Der Anfang ist mit der Ausbildung der Imame in Deutschland gemacht. Dann hat man auch mehr Einfluss auf eine moderate, weltoffene Auslegung der Religion. Danach muss der Staat den zweiten Schritt gehen und sie auch bezahlen. Die Gemeinden können es nicht aus eigener Kraft, sie sind meist zu klein, arm, unbeholfen.

Wer nichts tut, darf nicht mit dem Finger auf die Türkei zeigen

Wenn Österreich ein Islamgesetz gelingt und die Auslandsfinanzierung verbietet, sollte Deutschland das auch schaffen.
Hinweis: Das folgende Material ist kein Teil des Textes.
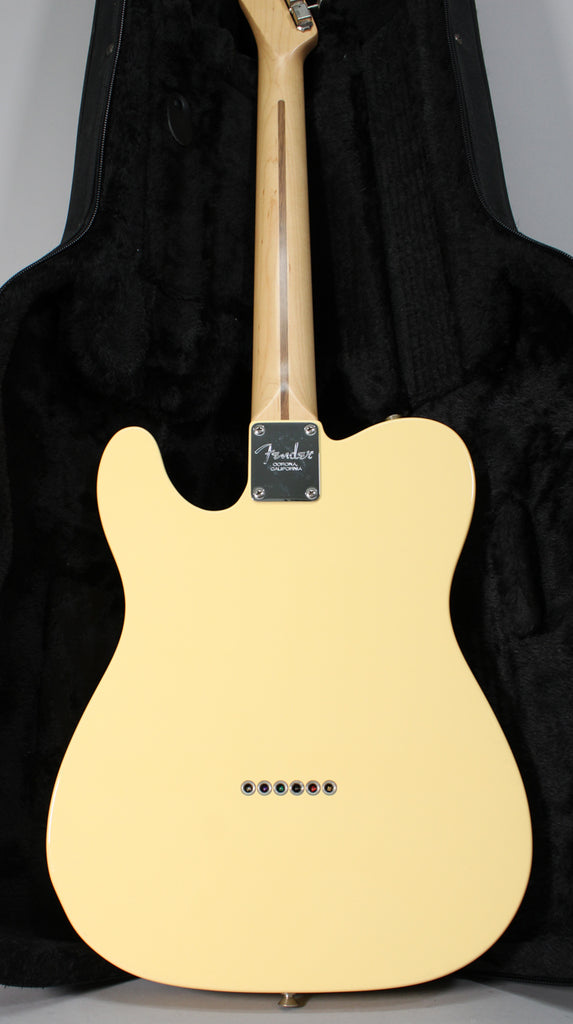 The back of a vintage white Telecaster, showing the light maple neck, chrome neck plate, and six string-through-body ferrules.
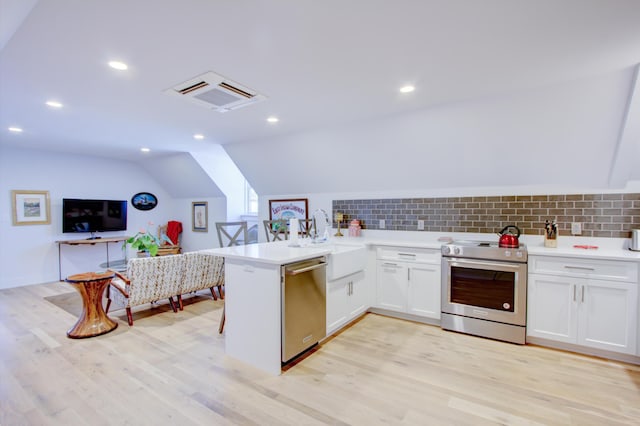 kitchen featuring white cabinetry, stainless steel appliances, tasteful backsplash, kitchen peninsula, and lofted ceiling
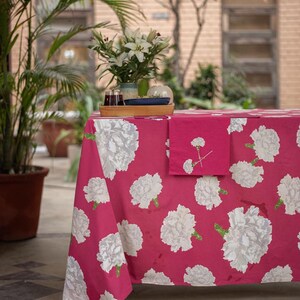 May include: A pink tablecloth with a white floral pattern. The tablecloth is laid out on a table with a wooden tray holding glasses and a small vase with white flowers.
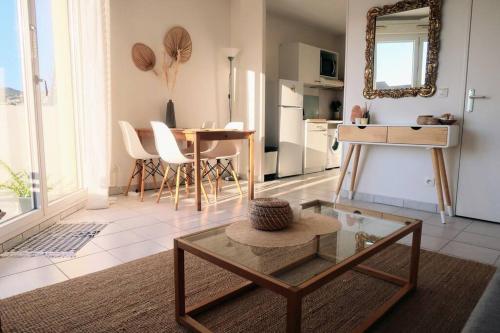 un salon avec une table et une salle à manger dans l'établissement Appartement Hyères centre avec piscine et parking privé, à Hyères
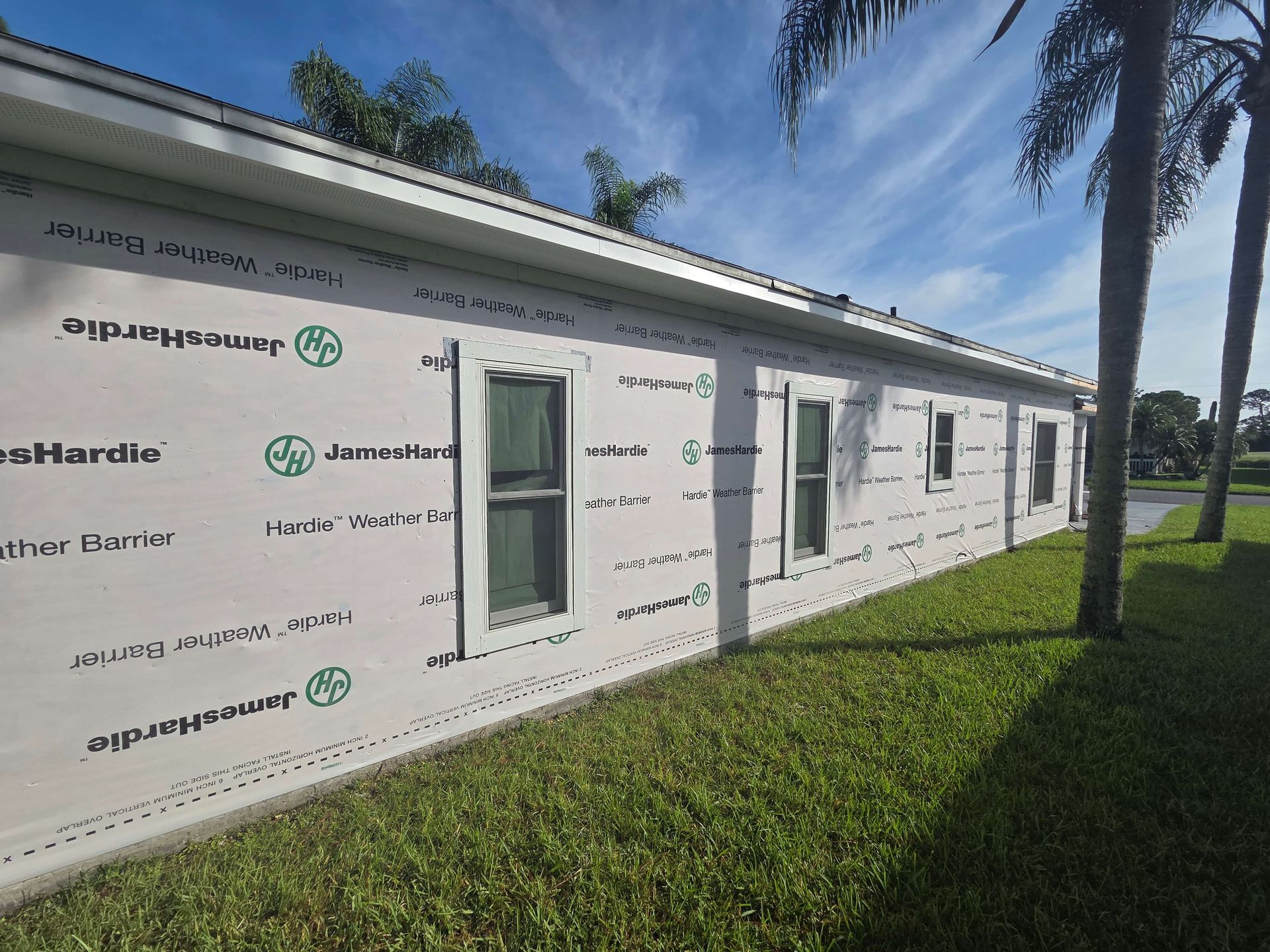 White modular building with windows, wrapped in house wrap, beside a grassy lawn and palm trees.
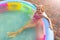 Cute adorable playful caucasian blond kid girl enjoy having fun swimming and relaxing in small inflatable pool at house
In der Alpenrepublik hat man zugleich einen Hebel, um religiöse Ableger von extremistischen Organisationen zu verbieten. Dort ist nicht alles perfekt geregelt, das Gesetz enthält gewiss eine Reihe von Schlupflöchern. Aber es ist ein Versuch.

Wer nichts tut, darf vor allem nicht mit dem Finger auf die Türkei zeigen. Als Hunderttausende Muslime nach Deutschland kamen und hier sesshaft wurden, war es nur der türkische Staat, der sich um die Seelsorge gekümmert hat.

Ziel sollte es sein, einen modernen Islam zu fördern

Bundesinnenminister Horst Seehofer hat mit der Islamkonferenz ein Forum. Wenn er in der Religionsfrage genauso versessen ins Gelingen ist wie bei den Ankerzentren, schafft er es auch, die juristischen Bedenken gegen eine politisch korrekte Finanzierung der Gemeinden zu überwinden.

Die Diskussion krankt daran, dass zu viel über Instrumente und Verfahren geredet wird. Kirchen- oder Moscheesteuer – das ist nicht die Frage. Die Förderung eines modernen Islam sollte das Ziel sein. Leisten wir uns mehr Unabhängigkeit.